_Exercise details_
Copy every line from the records below that holds the word "Service".

_The records_
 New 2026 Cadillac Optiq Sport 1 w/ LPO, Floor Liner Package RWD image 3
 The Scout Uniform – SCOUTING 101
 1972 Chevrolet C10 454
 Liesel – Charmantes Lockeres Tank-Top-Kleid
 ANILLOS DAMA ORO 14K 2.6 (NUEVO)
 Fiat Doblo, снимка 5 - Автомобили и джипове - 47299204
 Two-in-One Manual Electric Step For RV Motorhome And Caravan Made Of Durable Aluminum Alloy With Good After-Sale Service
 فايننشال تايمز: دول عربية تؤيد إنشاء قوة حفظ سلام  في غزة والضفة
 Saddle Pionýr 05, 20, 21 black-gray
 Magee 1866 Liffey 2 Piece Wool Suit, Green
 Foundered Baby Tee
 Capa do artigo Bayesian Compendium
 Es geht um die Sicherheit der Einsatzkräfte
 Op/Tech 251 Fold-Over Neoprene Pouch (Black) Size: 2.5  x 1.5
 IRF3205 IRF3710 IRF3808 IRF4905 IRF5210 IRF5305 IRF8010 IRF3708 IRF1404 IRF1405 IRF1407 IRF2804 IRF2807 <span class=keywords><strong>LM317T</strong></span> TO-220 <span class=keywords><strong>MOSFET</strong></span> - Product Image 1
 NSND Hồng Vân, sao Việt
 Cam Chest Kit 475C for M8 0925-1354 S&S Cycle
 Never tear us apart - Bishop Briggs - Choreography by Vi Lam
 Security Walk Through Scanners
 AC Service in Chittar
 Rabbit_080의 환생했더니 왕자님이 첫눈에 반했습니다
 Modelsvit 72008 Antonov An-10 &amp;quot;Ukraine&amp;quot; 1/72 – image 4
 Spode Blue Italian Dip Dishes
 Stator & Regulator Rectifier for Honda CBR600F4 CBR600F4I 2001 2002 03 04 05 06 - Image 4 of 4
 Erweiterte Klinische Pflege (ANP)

_Output below_
 Two-in-One Manual Electric Step For RV Motorhome And Caravan Made Of Durable Aluminum Alloy With Good After-Sale Service
 AC Service in Chittar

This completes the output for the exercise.